I’m still new here (but very much enjoying the app and the community) apologies if this has been covered before. I’m sure there are quite a few folks that spend time researching identification. Is there a place (other that the observation itself) where research on distinguishing characteristics or ranges could be kept and, ideally, crowdsourced?
As an example - I spent some time trying to distinguish Acmon and Lupine Blue which I summarized in this observation. It was only by accident I ran across some relevant info in another observation.
If this is outside the scope of iNat I’m good with that - but I wanted to get feedback from the community on the best way to make this type of info available.
I would suggest reading and chiming in on this topic and maybe some of the related topics linked therein.
What some folks do, lacking the more organized functionality being discussed, is create journal posts for specific ID information, and put links to those posts in relevant observation comments etc.
I love the idea of a wiki.inaturalist.org that someone talked about in the thread Jim linked to. In the meantime, to what extent is Wikipedia an appropriate place to record some of this kind of information?
I would say that iNat already does handle range information really well. On each taxon page is the map tab which offers a minimum of 3 different sources of information on ranges:
from iNat observations
from GBIF.org observations which will cover way more data sources
dedicated range map (not available for everything, usually only at species levels)
In terms of using Wikipedia, one of their guidelines is that they are not a guide, I can’t find it, but it is in their ‘what Wikipedia is not’ documentation. So were you to add it there, you risk it being deleted by another user enforcing their interpretation of the rules.
As I understand it, description of morphology is allowed, but comparisons etc are not. So adding that an American Lady has 2 prominent underwing circles is fine, but then adding this contrasts to Painted Lady which has 4 is unacceptable.
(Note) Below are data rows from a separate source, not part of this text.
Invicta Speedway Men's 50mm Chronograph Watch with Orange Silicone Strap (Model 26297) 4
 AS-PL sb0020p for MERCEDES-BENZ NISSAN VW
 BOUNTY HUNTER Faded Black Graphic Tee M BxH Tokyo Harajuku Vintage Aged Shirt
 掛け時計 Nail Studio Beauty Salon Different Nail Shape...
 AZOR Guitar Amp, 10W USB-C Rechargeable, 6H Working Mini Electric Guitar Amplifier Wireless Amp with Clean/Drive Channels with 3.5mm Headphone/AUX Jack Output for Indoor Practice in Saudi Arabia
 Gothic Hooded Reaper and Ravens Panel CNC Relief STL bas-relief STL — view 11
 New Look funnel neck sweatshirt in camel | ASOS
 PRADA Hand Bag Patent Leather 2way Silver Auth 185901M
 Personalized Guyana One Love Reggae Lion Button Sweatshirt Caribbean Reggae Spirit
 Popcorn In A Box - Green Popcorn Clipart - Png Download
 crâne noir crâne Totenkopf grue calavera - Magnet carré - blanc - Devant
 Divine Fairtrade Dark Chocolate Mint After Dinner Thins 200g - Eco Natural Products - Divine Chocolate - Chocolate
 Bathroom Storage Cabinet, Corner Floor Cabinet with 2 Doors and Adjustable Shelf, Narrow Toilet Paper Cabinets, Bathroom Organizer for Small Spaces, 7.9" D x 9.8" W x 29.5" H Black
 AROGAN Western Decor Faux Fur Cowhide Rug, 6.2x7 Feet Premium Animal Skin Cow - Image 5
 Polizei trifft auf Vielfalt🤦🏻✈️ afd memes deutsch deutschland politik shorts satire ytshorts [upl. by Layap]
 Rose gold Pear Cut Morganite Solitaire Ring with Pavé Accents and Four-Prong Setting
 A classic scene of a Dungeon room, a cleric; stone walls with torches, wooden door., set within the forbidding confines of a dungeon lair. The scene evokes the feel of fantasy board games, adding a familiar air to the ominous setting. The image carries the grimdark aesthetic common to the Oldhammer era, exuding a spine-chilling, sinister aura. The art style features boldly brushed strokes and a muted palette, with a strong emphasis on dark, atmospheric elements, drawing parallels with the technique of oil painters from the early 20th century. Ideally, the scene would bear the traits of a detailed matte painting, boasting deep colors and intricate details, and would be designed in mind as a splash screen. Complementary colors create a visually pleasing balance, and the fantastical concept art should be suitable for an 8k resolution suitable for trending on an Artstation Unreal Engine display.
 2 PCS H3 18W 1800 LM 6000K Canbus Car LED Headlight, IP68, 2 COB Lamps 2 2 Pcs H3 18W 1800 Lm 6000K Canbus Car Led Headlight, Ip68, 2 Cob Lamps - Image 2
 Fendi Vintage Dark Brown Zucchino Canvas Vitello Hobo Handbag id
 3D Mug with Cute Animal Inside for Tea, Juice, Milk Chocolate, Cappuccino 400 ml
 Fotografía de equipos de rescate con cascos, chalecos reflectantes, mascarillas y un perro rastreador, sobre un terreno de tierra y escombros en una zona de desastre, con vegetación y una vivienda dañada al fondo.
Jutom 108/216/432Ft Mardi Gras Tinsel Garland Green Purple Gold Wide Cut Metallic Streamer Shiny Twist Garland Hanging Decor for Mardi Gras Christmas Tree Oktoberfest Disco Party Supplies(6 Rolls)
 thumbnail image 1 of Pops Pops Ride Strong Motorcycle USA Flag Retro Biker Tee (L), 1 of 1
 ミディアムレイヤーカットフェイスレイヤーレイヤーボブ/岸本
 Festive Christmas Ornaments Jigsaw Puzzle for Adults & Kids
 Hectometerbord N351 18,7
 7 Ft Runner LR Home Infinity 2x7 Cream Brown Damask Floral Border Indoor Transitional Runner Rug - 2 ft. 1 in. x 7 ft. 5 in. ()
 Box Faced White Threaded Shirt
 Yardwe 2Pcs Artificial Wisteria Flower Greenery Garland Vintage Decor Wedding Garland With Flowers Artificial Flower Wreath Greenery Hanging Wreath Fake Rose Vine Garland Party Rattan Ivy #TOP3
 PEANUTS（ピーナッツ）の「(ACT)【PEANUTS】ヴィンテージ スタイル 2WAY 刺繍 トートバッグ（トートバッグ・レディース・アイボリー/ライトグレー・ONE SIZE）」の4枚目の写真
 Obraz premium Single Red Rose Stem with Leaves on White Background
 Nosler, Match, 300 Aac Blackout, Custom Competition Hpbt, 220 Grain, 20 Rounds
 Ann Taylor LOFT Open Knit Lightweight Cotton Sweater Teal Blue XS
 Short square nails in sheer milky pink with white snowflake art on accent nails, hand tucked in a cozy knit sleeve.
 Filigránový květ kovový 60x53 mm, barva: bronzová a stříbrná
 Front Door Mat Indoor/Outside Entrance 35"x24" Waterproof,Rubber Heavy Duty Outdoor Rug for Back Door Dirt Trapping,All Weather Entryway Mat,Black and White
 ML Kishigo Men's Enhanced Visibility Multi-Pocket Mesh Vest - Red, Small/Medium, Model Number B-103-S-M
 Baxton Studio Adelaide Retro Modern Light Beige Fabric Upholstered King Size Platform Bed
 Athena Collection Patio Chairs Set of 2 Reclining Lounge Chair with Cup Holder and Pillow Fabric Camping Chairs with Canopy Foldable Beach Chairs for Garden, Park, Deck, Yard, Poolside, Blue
However, it is possible to have a section in a species article called “Related species” and you can put info in there with links to those species, as long as you don’t say “This is how you tell the difference between A and B.” It’s all a question of how you do the wording. It must not be obvious that you are telling people how to ID something.
Thanks - I was unaware of some of these resources. I was, however, looking for additional information from the literature. From my quick glance, I’m not sure how useful these are:
from iNat observations
That I was aware of, and is quite useful
from GBIF.org observations which will cover way more data sources
It’s a bit hard to navigate and the butterfly ones I checked are primarily from iNat
dedicated range map (not available for everything, usually only at species levels)
Not sure what you mean my this - there’s the map “tab” but I thought that was just iNat observations. Am I missing something on the taxon page (of Lupine Blue for example)?
I also did not note that there is the checklist map, where as you zoom into the map you get greater detail, in North America down to county (or equivalent) where green means it is on the checklist for that place and has iNat observations and brown means on the checklist but without iNat records.
GBIF has over 1 billion records, iNat is around 35 million, so GBIF will always feature more, but what percent come from iNat will vary depending on the other data sources they integrate from (either regional or taxonomic).
If you need more specific additional butterfly data in North America, then e-butterfly is another option which I am unsure if GBIF integrates.